A bi-objective robust optimization model for disaster response planning under uncertainties

Abstract There are various uncertainties post-disaster relief logistics, it is essential to optimize emergency logistics to provide timely and effective medical service in such emergency situations. This paper proposes a bi-objective robust optimization model for strategic and operational response to decide the facility location, emergency resource allocation, and casualty transportation plans in a three-level rescue chain composed of casualty clusters, temporary facilities, and general hospitals. The Injury Severity Score (ISS) is adopted to divide the casualties into two categories and give the dynamic injury deterioration of casualties over time. Also, the model considers various uncertainties in demand including the number of casualties and the number of rescue supplies and transportation time. The objectives are to minimize the sum of ISS for all casualties and minimize the total costs of the system. Meanwhile, the penalty coefficients for untransported casualties are applied to maximize the transport number of casualties, and the penalty costs for unmet relief supplies are used to maximize the satisfaction of supplies demand at temporary facilities.
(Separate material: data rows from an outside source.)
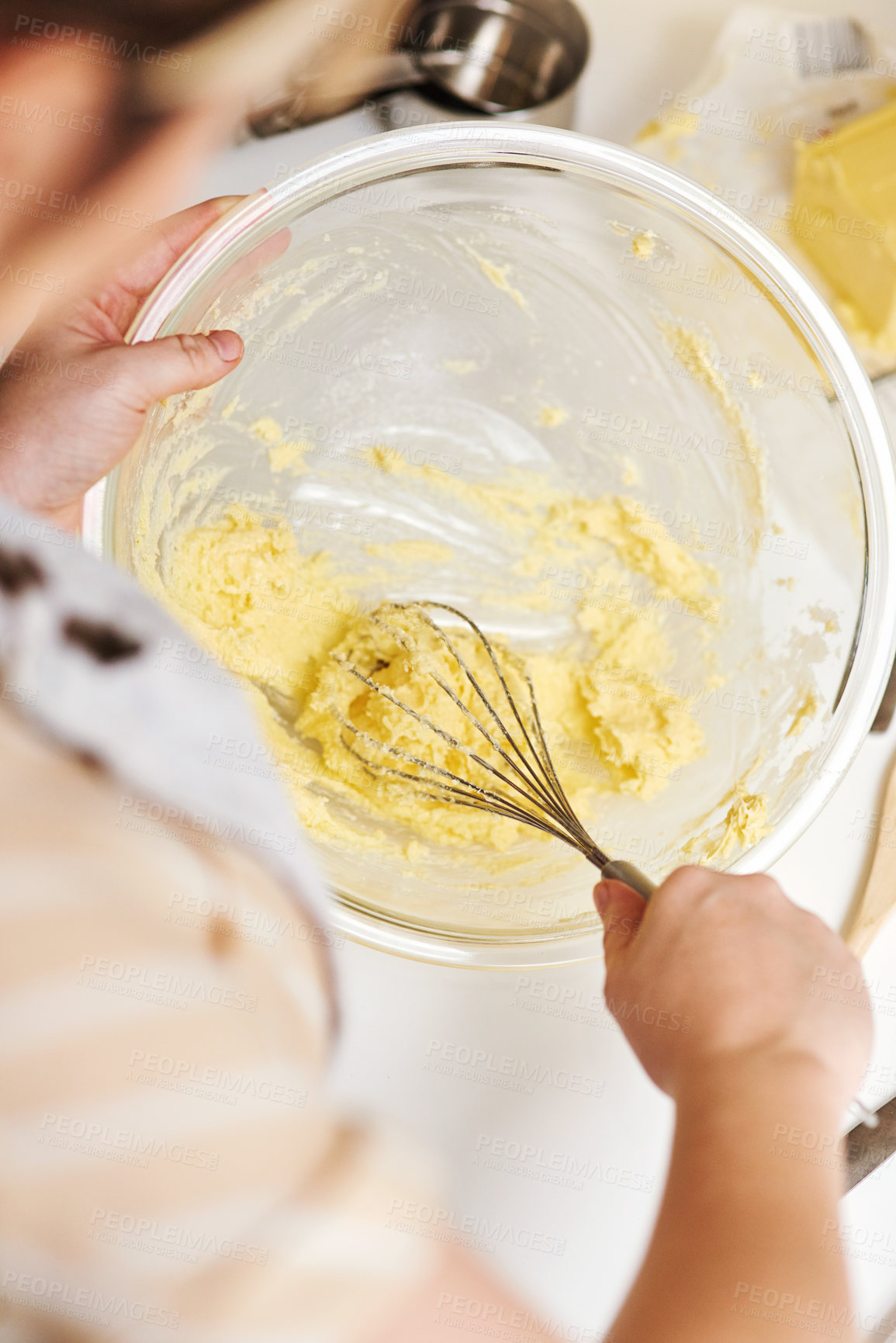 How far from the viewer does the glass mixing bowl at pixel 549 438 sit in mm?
626

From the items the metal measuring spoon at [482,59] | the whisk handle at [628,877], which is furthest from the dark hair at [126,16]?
the whisk handle at [628,877]

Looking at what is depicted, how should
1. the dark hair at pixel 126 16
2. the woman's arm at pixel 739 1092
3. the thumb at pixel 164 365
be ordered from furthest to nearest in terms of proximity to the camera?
the dark hair at pixel 126 16, the thumb at pixel 164 365, the woman's arm at pixel 739 1092

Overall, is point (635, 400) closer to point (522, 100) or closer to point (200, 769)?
point (522, 100)

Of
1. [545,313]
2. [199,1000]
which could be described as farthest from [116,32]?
[199,1000]

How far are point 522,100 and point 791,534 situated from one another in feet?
1.69

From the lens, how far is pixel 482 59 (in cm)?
85

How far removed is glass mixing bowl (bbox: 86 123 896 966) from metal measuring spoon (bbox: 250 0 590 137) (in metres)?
0.23

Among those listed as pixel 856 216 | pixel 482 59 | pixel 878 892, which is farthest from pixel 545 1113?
pixel 482 59

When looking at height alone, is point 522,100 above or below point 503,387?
above

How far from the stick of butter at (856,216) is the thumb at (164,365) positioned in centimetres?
57

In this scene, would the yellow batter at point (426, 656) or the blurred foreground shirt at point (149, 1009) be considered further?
the yellow batter at point (426, 656)

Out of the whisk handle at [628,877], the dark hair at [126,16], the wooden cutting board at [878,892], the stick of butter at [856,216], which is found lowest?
the whisk handle at [628,877]

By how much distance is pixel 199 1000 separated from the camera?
2.00 feet

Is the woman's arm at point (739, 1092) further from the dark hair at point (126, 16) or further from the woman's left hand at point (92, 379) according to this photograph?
the dark hair at point (126, 16) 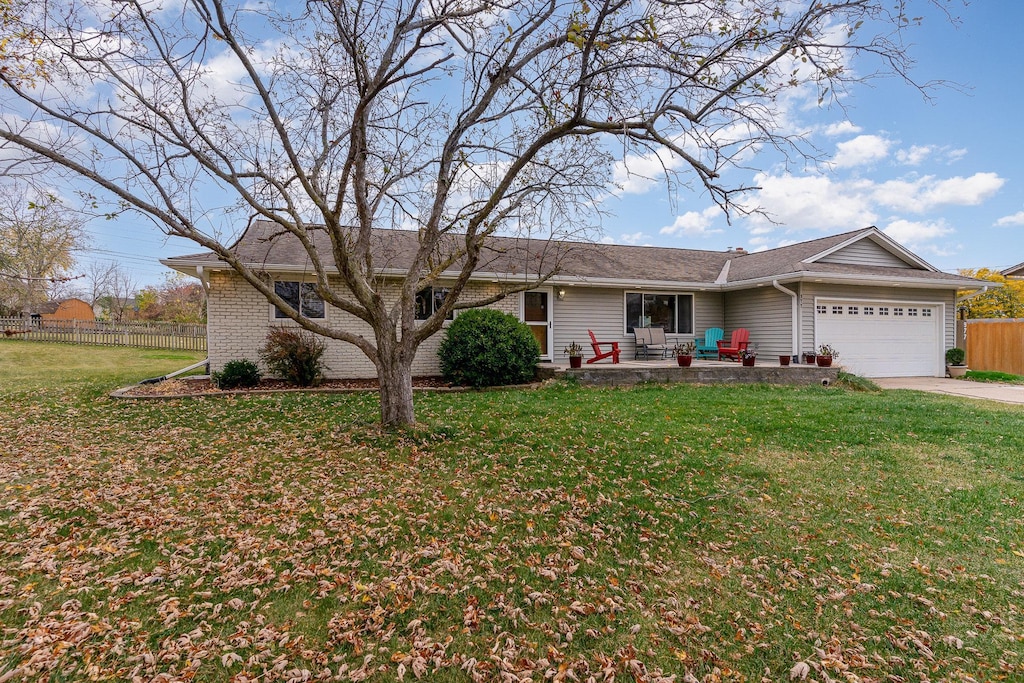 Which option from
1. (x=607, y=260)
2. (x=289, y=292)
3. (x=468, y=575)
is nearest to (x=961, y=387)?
(x=607, y=260)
We employ the robust optimization method to derive the robust corresponding model of the proposed stochastic model. The bi-objective model is solved with the e-constraint method. Additionally, case studies based on Yushu Earthquake are utilized to demonstrate the feasibility and validity of the proposed model. Sensitivity analyses discuss the impact of uncertainties on the proposed model results by changing the settings of the uncertain parameters in the robust optimization, to make a tradeoff between optimization and robustness.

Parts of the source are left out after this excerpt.